##### Records for this task #####

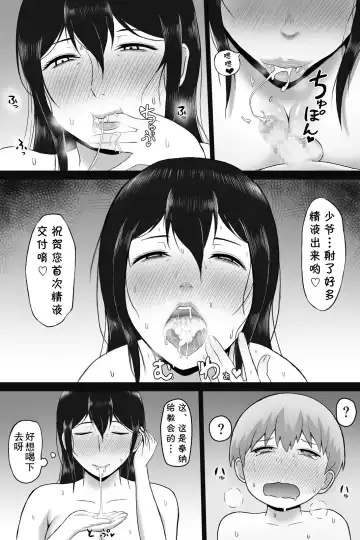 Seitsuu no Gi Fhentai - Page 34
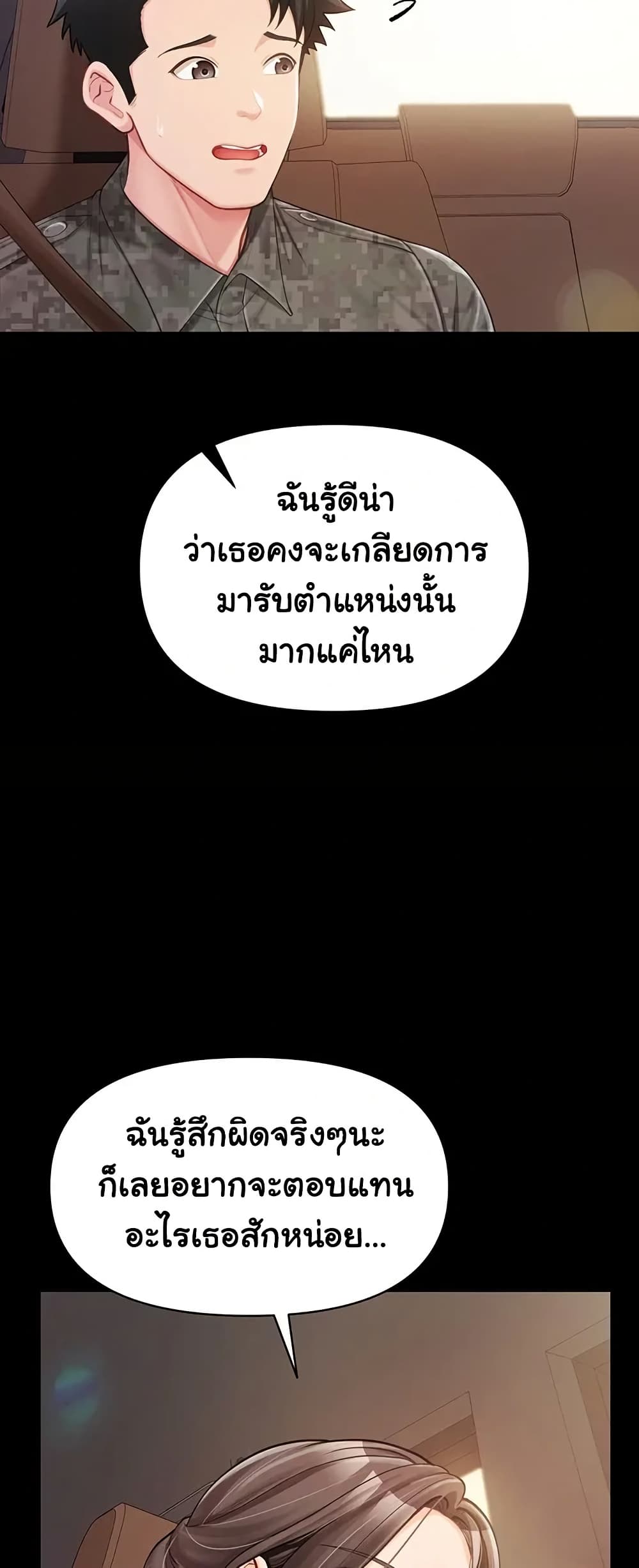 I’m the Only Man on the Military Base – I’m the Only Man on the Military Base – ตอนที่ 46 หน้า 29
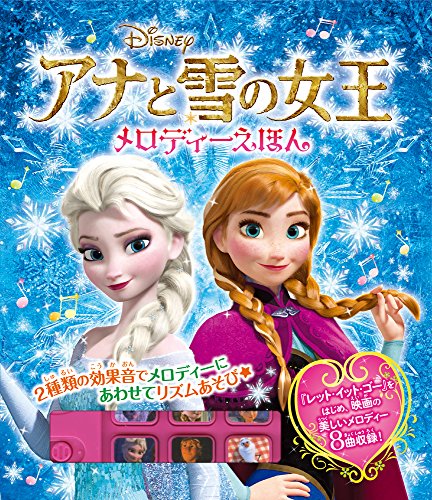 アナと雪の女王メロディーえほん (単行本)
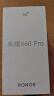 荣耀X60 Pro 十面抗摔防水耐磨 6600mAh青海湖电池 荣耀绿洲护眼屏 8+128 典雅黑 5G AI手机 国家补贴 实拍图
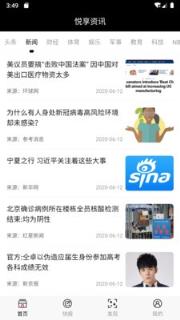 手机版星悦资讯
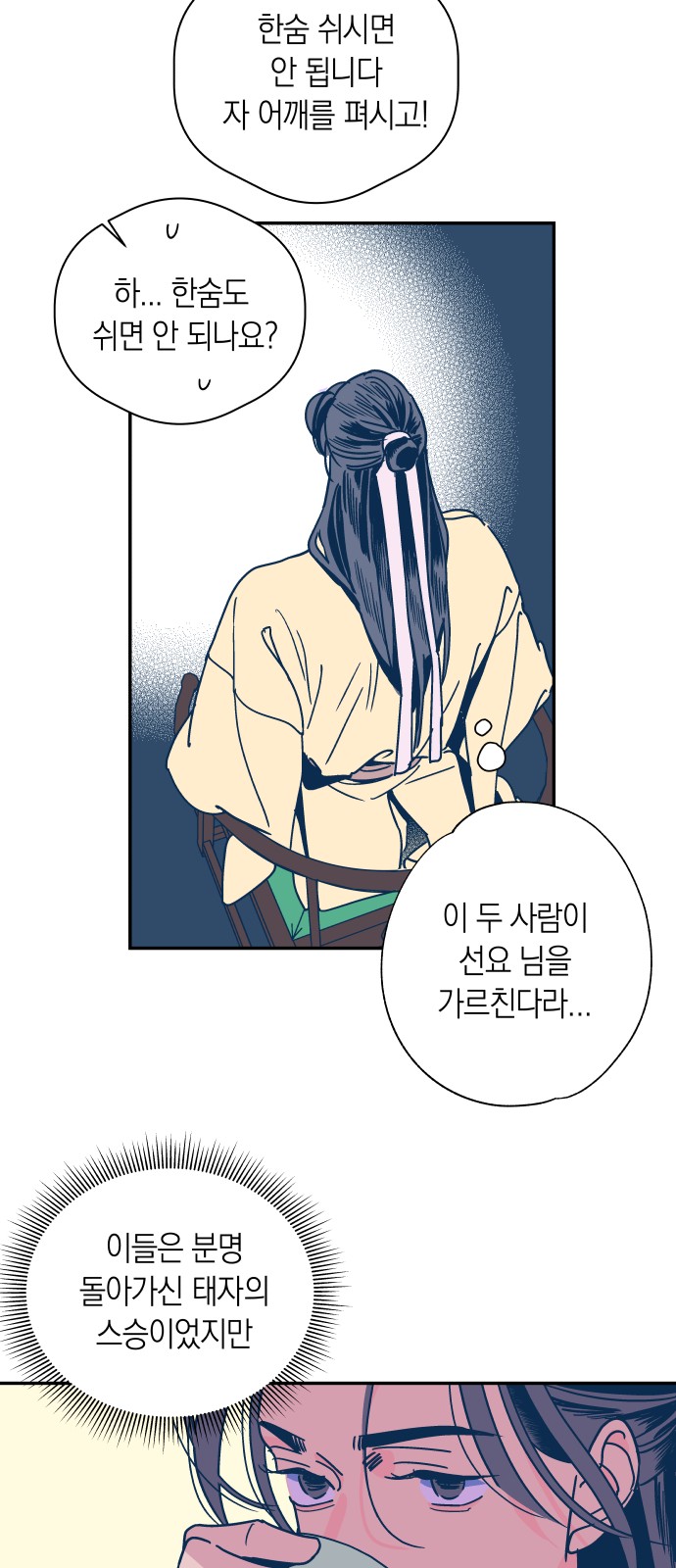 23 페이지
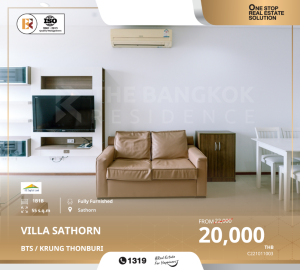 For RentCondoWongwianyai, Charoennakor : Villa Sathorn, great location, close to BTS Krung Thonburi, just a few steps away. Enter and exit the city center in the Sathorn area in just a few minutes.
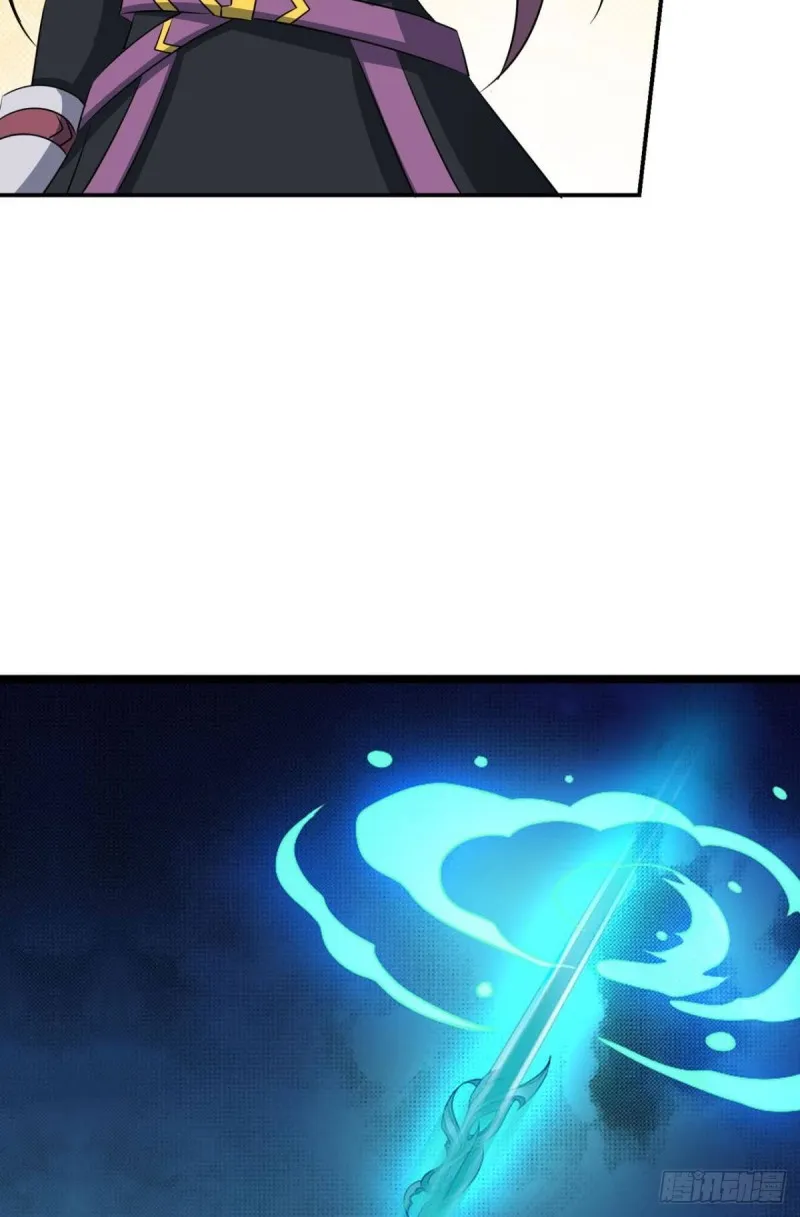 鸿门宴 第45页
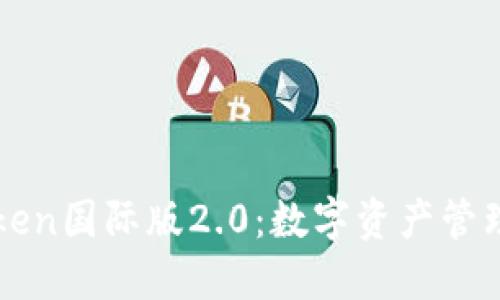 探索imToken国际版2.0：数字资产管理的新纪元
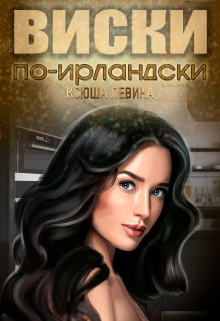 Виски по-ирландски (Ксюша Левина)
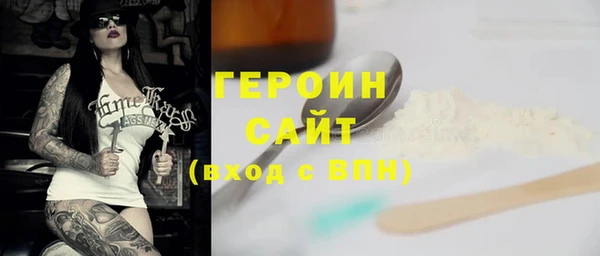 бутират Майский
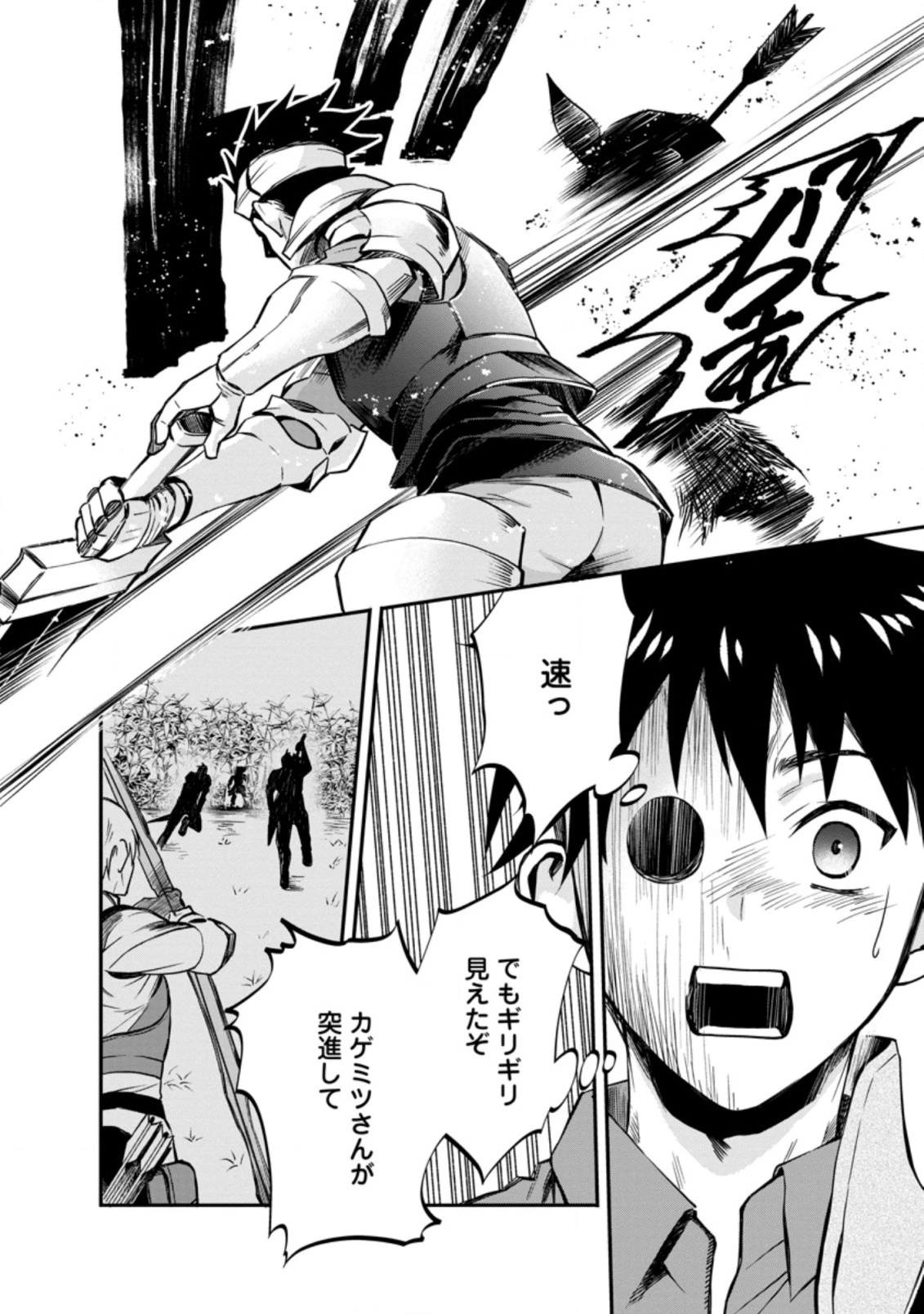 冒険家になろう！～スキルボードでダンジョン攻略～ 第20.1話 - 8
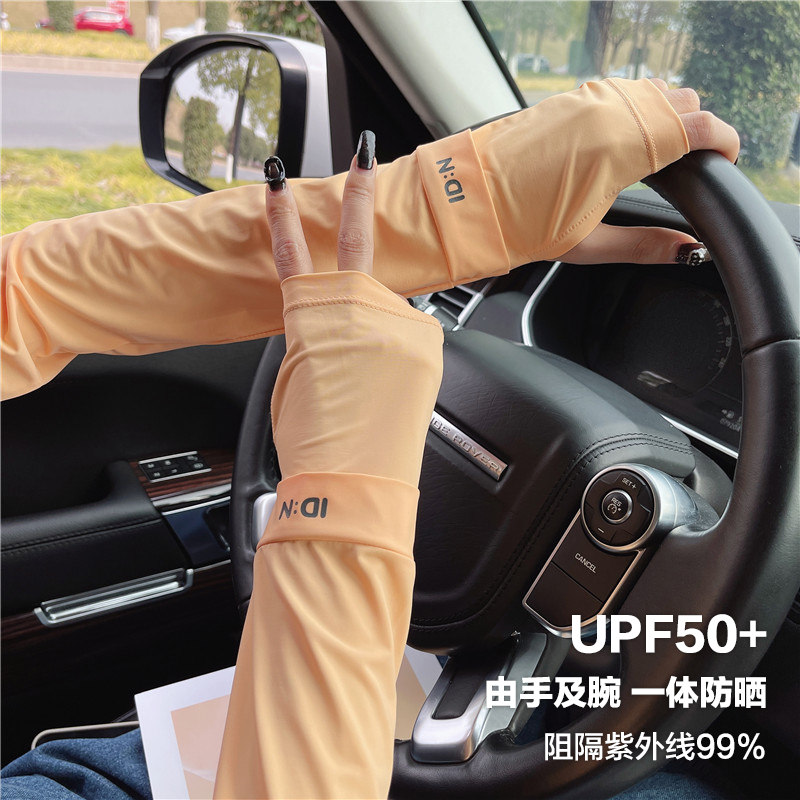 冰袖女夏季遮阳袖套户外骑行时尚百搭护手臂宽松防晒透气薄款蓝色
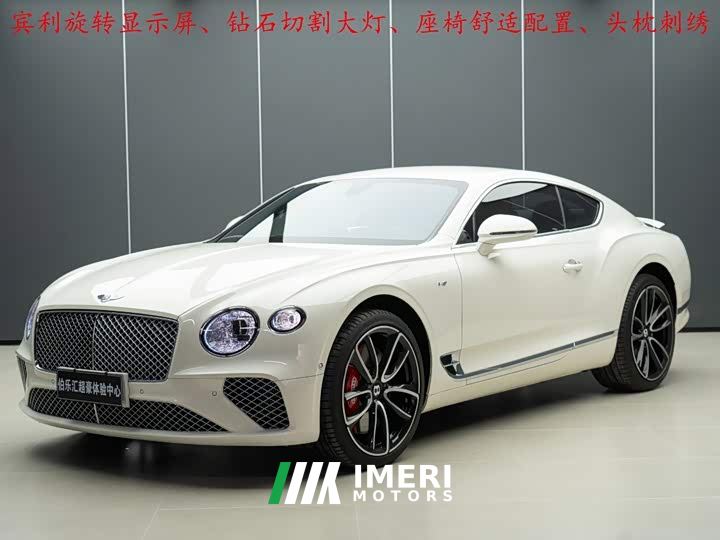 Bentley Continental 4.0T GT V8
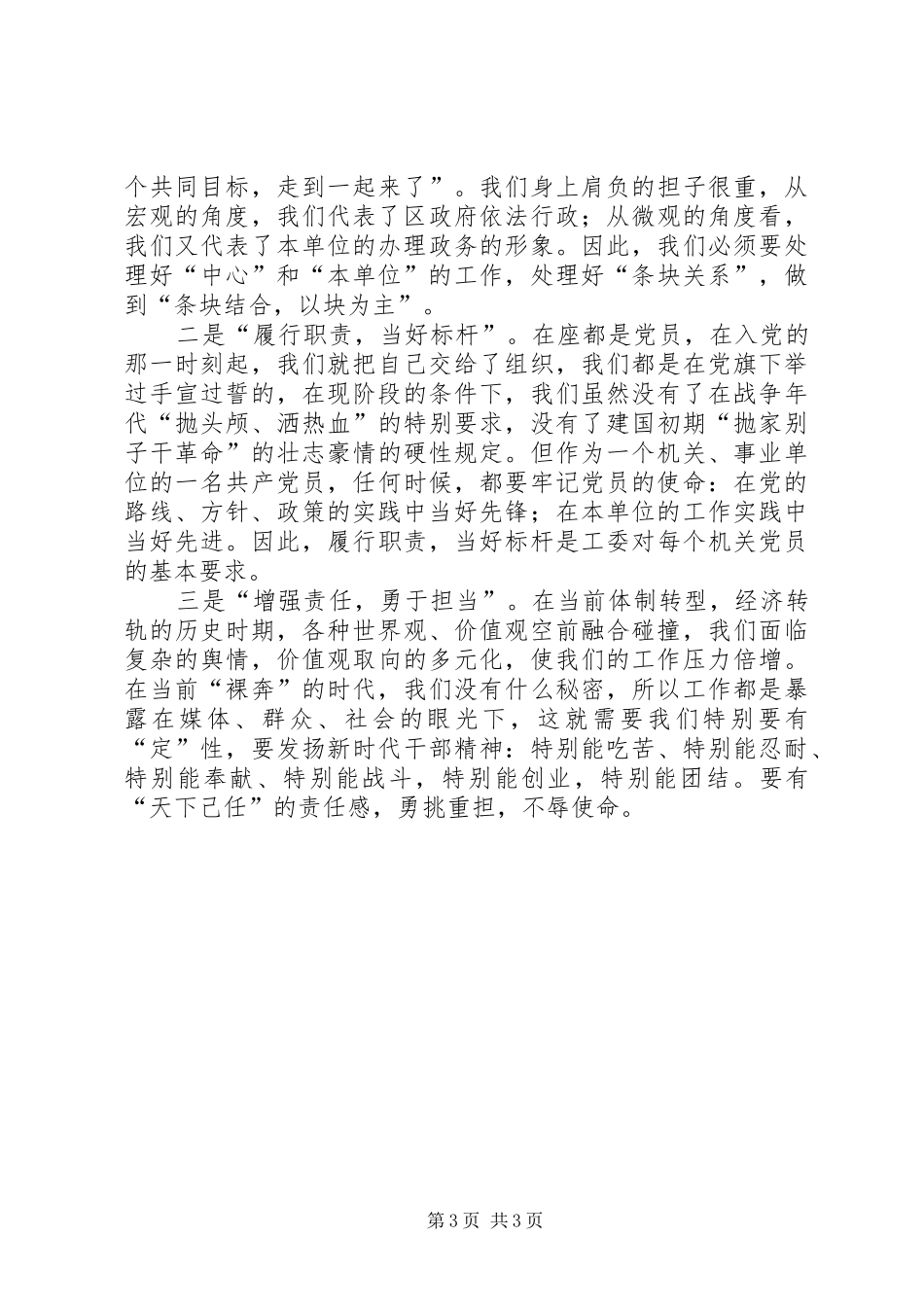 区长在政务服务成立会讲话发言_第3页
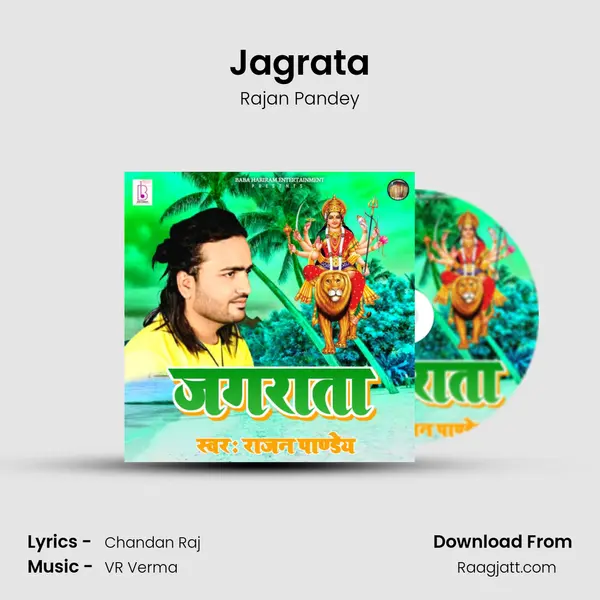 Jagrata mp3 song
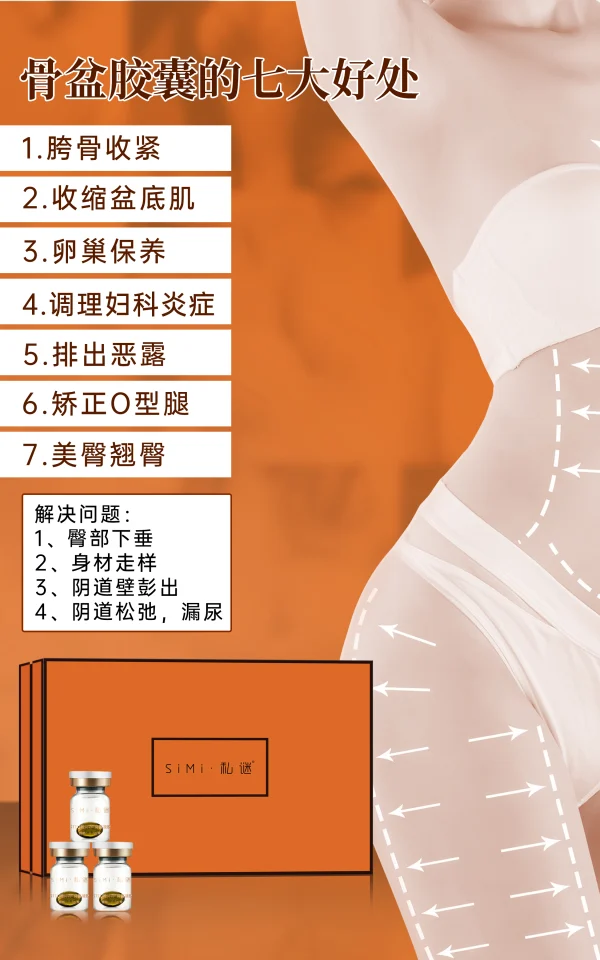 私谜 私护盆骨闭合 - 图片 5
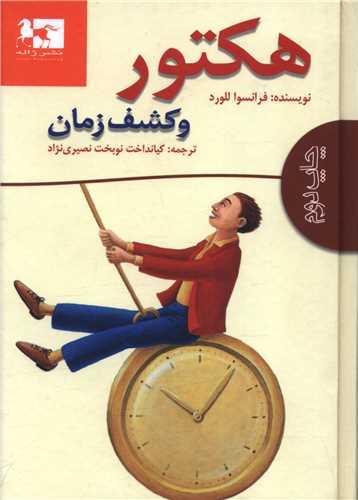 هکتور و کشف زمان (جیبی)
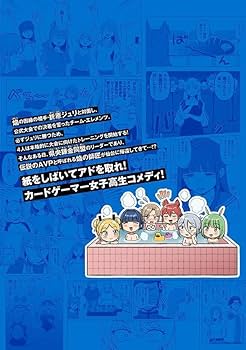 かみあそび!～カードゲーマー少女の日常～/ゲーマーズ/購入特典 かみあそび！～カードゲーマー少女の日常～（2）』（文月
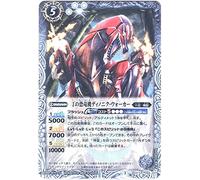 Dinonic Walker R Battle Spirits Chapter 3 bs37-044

#####

What is being asked:
Repeat word for word, and nothing more, the lines between the line containing "アナと雪の女王メロディーえほん (単行本)" and the last line of the records above, inclusive, without pictures.

Task output:
 アナと雪の女王メロディーえほん (単行本)
 荣耀X60 Pro 十面抗摔防水耐磨 6600mAh青海湖电池 荣耀绿洲护眼屏 8+128 典雅黑 5G AI手机 国家补贴 实拍图
 手机版星悦资讯
 23 페이지
 For RentCondoWongwianyai, Charoennakor : Villa Sathorn, great location, close to BTS Krung Thonburi, just a few steps away. Enter and exit the city center in the Sathorn area in just a few minutes.
 鸿门宴 第45页
 探索imToken国际版2.0：数字资产管理的新纪元
 Виски по-ирландски (Ксюша Левина)
 бутират Майский
 冒険家になろう！～スキルボードでダンジョン攻略～ 第20.1話 - 8
 冰袖女夏季遮阳袖套户外骑行时尚百搭护手臂宽松防晒透气薄款蓝色
 Bentley Continental 4.0T GT V8
 区长在政务服务成立会讲话发言_第3页
 Jagrata mp3 song
 私谜 私护盆骨闭合 - 图片 5
 هکتور و کشف زمان (جیبی)
 かみあそび!～カードゲーマー少女の日常～/ゲーマーズ/購入特典 かみあそび！～カードゲーマー少女の日常～（2）』（文月
 Dinonic Walker R Battle Spirits Chapter 3 bs37-044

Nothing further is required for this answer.